The close relationship between Taliban leaders and Al Qaeda has never diminished, despite lies told to negotiators during the “peace negotiations” that led to the 2020 Doha agreement and the catastrophic American withdrawal approved by United Sates President Joe Biden the following year.

Nevertheless, the Taliban is receiving billions of dollars in international aid – including shipments of about US$40 million in cash every week – that is meant to help alleviate the suffering its regime is causing.

Much of the aid, including food, is being stolen by the Taliban for its supporters, a necessary buy-off as it is incapable of, or uninterested in, developing the economy and creating jobs.

Women and girls are largely forced to remain indoors, banned from work, school, sports and other normal activities they had legal rights to during the 20 years of the republic.

Non-Pashtun ethnic groups such as the Hazaras are regularly targeted, as are journalists, civil society and rights activists, former government workers and members of the republic’s security forces.

Those dozens of terrorist groups, documented by the United Nations Security Council, pose direct threats to neighbouring countries and the West.

Al Qaeda is once again running militant training camps across Afghanistan, and using the shared proceeds of drugs and mining to fund its affiliates in the Middle East and Africa.

Yet Taliban diplomats have been welcomed in some capitals, including Beijing, Moscow, Islamabad and Tehran. Türkiye, Japan, the European Union, the Central Asian states, China and Russia have ambassadors posted to Kabul.

The Australian Criminal Intelligence Commission’s latest analysis of waste-water data found a 17 per cent increase in consumption of heroin, cocaine, methamphetamine and MDMA, to 16.5 tonnes, in the year to August 2023. Of the A$12.4 billion spent on drugs, the survey found 85 per cent went on meth.

Australian Federal Police intercepted 98 kilograms of meth late last year it said was smuggled inside farming equipment by a gang with alleged links to an Afghan crime network.

Intercepts in neighbouring countries, including Pakistan and Iran, are growing, as well as at major ports such as Rotterdam, in the Netherlands, and Antwerp, in Belgium.
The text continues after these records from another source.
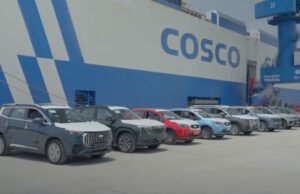 Geely apuesta con su mayor arribo de unidades con la apertura del Megapuerto de Chancay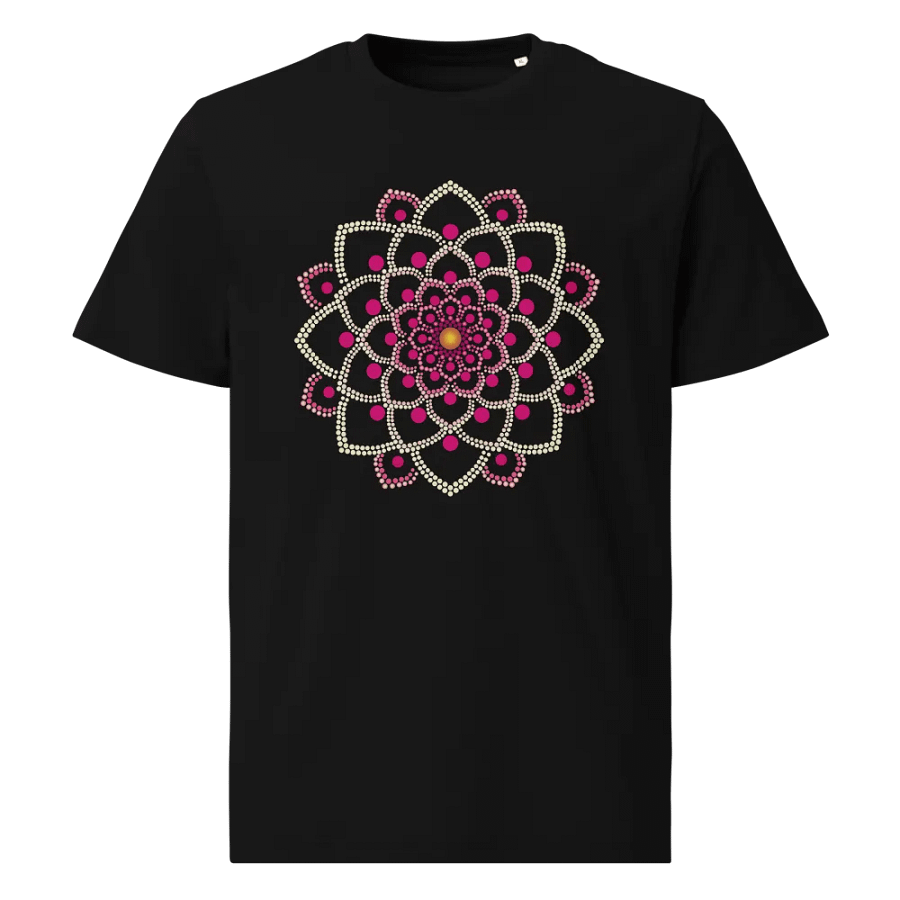 Simple Pink Mandala Organic Cotton T-Shirt product image (1)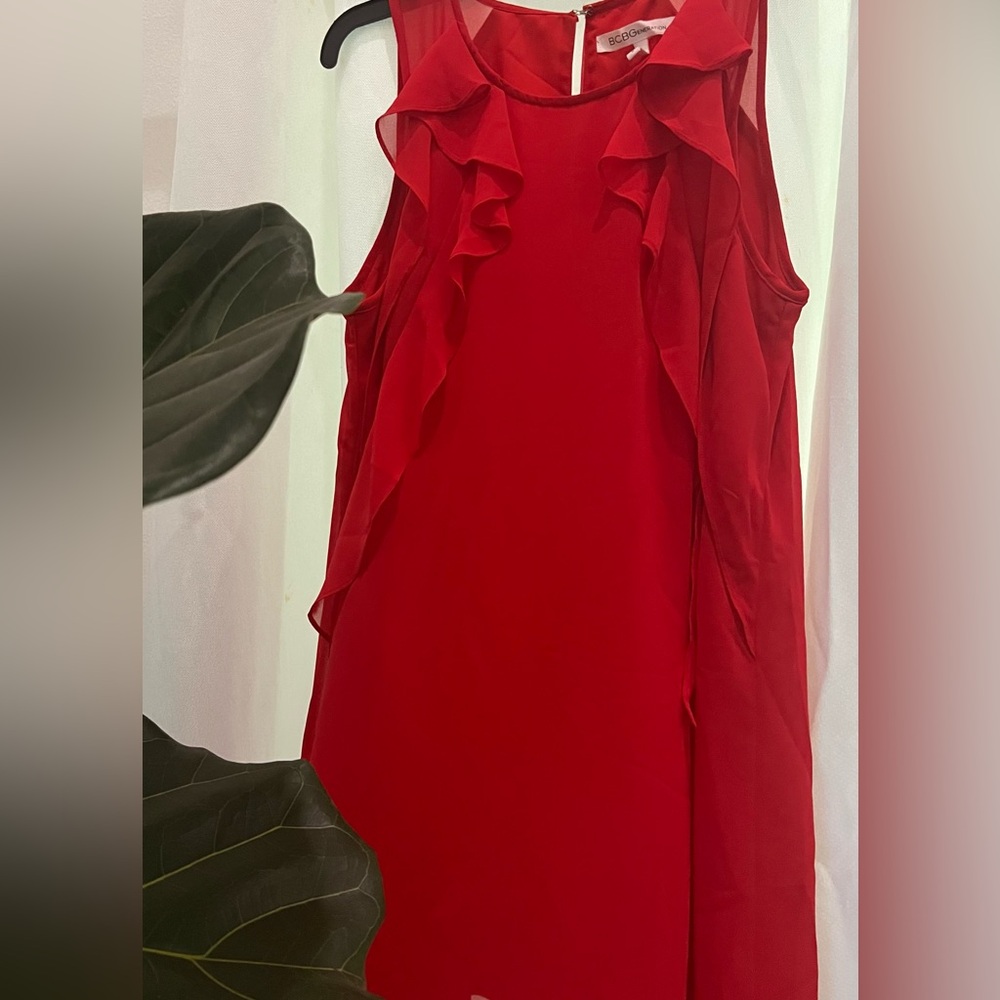 BCBGeneration red dress ruffle Size Small Mini Dress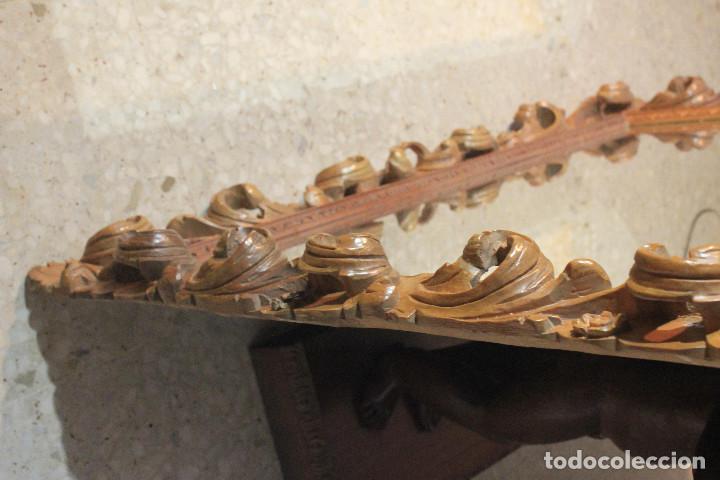 Antig&uuml;edades: ESPEJO TALLA COPETE - Foto 7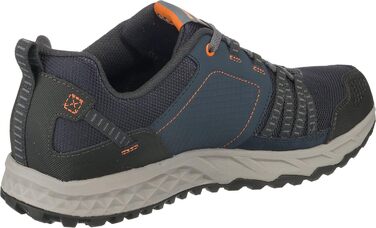 Чоловічі кросівки Skechers Escape Plan Navy Leather Mesh Orange Trim, 48.5 EU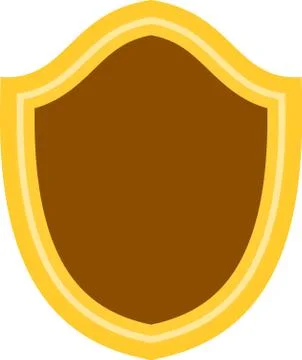 Colorful shield emblem Stock Illustration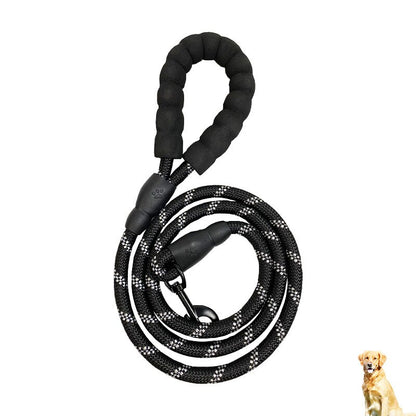 ペット用品犬の鎖犬の鎖犬の鎖大型および中型犬用の快適なハンドル用の反射マルチカラーラウンドロープ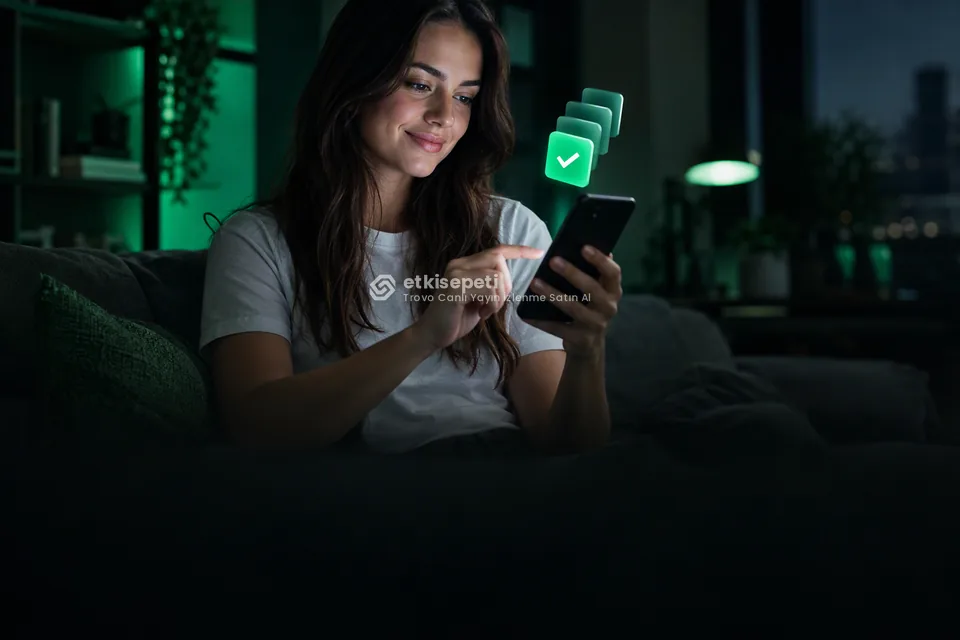 Telefonunda paket ve adet seçen bir kullanıcı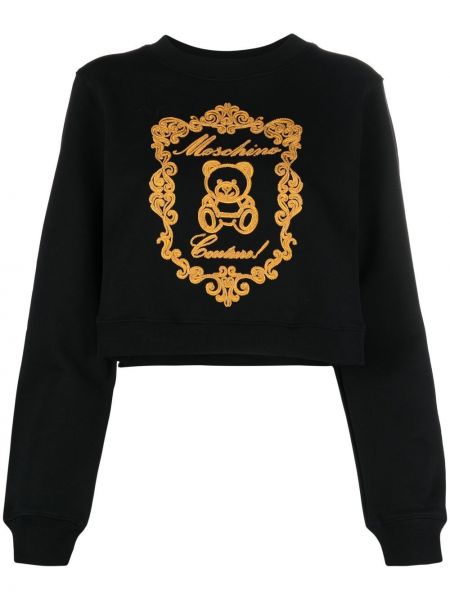 Rund hals sweatshirt Moschino svart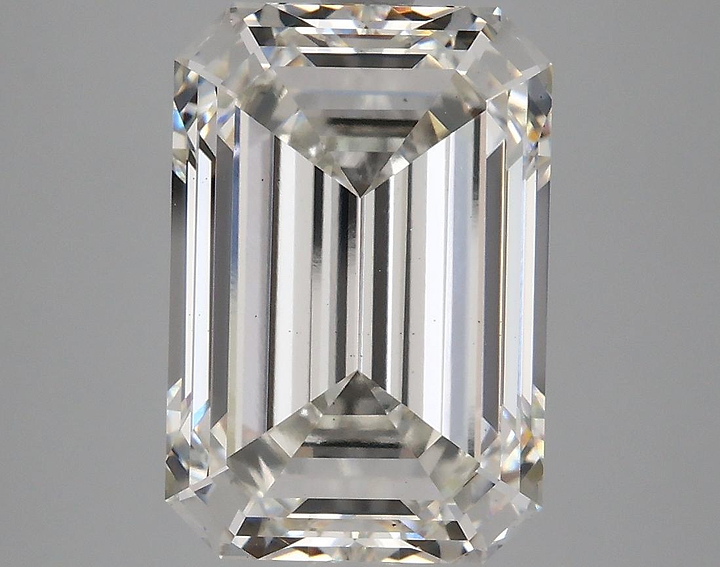 6.24 Carat Emerald Shaped Ideal Cut VS2 IGI Certified Lab Grown Diamond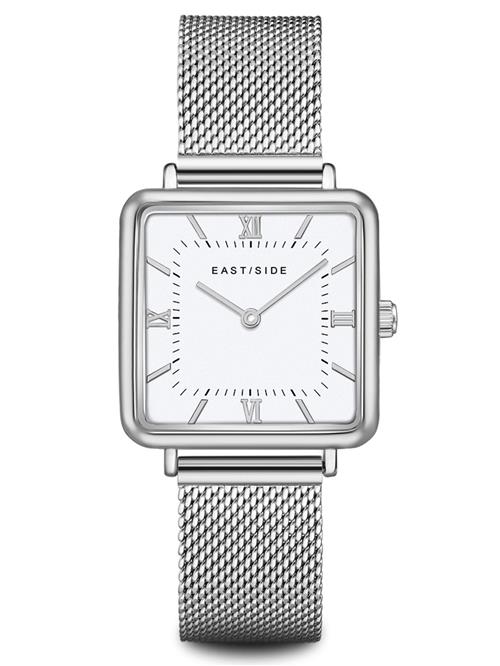 Eastside Analogt ur  sølv / hvid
As former US president Donald Trump struck his deal in February 2020 to withdraw from the country, ensuring the collapse of the Afghan republic, it was already becoming clear the Taliban had identified methamphetamine as a future goldmine.

A counter-narcotics agent with the Afghan republic government describes the Taliban plan as “a coming catastrophe for the world”.

Meth is cheaper to make than heroin and more addictive, he says, and warns that the Taliban had identified the product, was ramping up production and already had the means of getting it to market via its well-established global network.

In late 2020, the European Monitoring Centre for Drugs and Drug Addiction reported on the rapid emergence of meth produced from the ephedra plant, which grows wild in Afghanistan. The report warned methamphetamine from Afghanistan was turning up as far afield as Sri Lanka, Indonesia and southern and eastern Africa.

Satellite photographs in the report show the compounds where the meth is being processed from ephedra plants.

The hands-on method of production with the plant is messy and requires manpower the Taliban doesn’t want to pay for.

That led to the importation of industrial ephedrines, the UN Office on Drugs and Crime said in a report last year, that were easier and cheaper to use. Those processing centres are hardly visible on satellite images.

The success of the poppy ban and the switch from heroin to meth has shown the Taliban can get things done, however coercively. It has also demonstrated its priorities. Farmers banned from growing poppies have not been offered alternative livelihoods and cannot simply turn to other cash crops, such as wheat, because there is no internal market.

Yet few governments and agencies appear to recognise the security risks of Afghanistan’s new drug economy – including intensified violence for control of distribution, increased addiction and a likely increase in illegal migration as unemployed Afghan farmers seek work abroad.

The Taliban is the new godfather of meth. And there’s nothing anyone, anywhere, seems to be doing about it.